Ahora todas la mañanas estoy madrugando para ir a clases de inglés. Me gusta el idioma y necesito mejorarlo. Lo malo es que la clases, que por ciertos son gratis gracias a mi trabajo, no me gustan. No sólo tengo que aprender, sino que tengo que hablar y jugar con extraños. Hay quienes disfrutan de hablar mucho no sólo en español sino también en inglés. A mi, me basta y me sobra con las palabras que son necesarias en cualquier idioma.
¿Por qué a la gente le gusta tanto hablar?
Yo hablo por necesidad. Si por mi fuera, me quedaría en silencio y no me molestaría que la gente dejara de hablarme. Sería ideal que nos quedáramos mudos y tuviéramos que encontrar la manera de comunicarnos en medio del silencio.
Basta con decir la información que requerimos y ya. No veo la necesidad de tener que hablar y hablar de cosas que nadie preguntó.

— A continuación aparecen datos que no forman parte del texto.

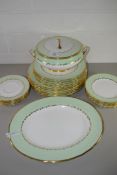 TUSCAN CHINA DINNER WARES INCLUDING DINNER PLATES, SIDE PLATES, SERVING TUREEN AND COVER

Tengo la suerte de que cada vez que tomo un taxi, me toca un chofer que no se conforma con que la dirección y algunas instrucciones adicionales de cómo llegar a donde quiero ir. Suelen comenzar a hablar de cosas que nadie la preguntó. Una vez en Apodaca, un taxista que nos llevó a mi esposa y a mi del aeropuerto a la casa de mi cuñada nos quería convertir a la religión católica. Nosotros ya somos católicos. Pero el taxista estaba tan entusiasmado hablando de Jesús, el perdón, la salvación y los valores que preferimos callarnos y aguantar el inútil sermón hasta que llegáramos al destino.
Hace un par de días otro taxista en la ciudad de México nos contó la historia de su vida en sólo 15 minutos. Fue de veras increíble, incómodo y absurdo. Hablábamos primero del tráfico y como si le hubieran prendido un cohete en la boca comenzó a contar que lleva 22 años de separado, que su ex mujer intentó matarlo varias veces con cuchillos, a balazo, a golpes por celos. Que se divorció de ella y que luego varias mujeres lo mantuvieron hasta que se volvió a casar con otra mujer bellísima con la que nunca se ha peleado. Tiene una hermosa hija que ha crecido sana y feliz porque sus papás jamás han discutido...
¿Y a mi qué carajos me importa todo esto? Me preguntaba mientras veía pasar lentamente los semáforos rumbos a mi casa.
Cuando llegamos al edificio nos encontramos con que los vecinos habían organizado una fiesta, una pre posada. ¡Uy, que gusto! Subimos al departamento y un par de horas después mi esposa me obligó a bajar con una bolsa de sabritas y una refresco de dos litros para "cooperar" con los vecinos. Pasé 20 minutos tratando de convencerme de que sí podía bajar los escalones hasta el estacionamiento, decir buenas noches dejar en alguna mesa la comida excursarme con los vecinos porque me esposa se sentía mal y huir. No pude. Me fue imposible convencerme de que no era tan malo, pero al final igual lo hice. Como si me sumergiera en un estanque lleno de pirañas, bajé los cinco pisos y saludé a un par de vecinos, que sorpresivamente, me recibieron de buen agrado. Dejé la comida en la única mesa y cuando ya me iba me invitaron ponche. Lo rechacé lo más amablemente que pude, pero insistieron. Al final acepté, me dieron dos vasos de rico, muy rico ponche, con mucha fruta y dulce, caliente y refrescante al mismo tiempo, y luego huí.
Yo no tengo la necesidad imperiosa de comunicarme con la gente, de platicarle mi vida, de decir incoherencias. Pero por alguna razón que desconozco, a la gente le gusta socializar y hablar de cosas sin importancia. ¿Por qué y para qué lo hace? Me pregunto.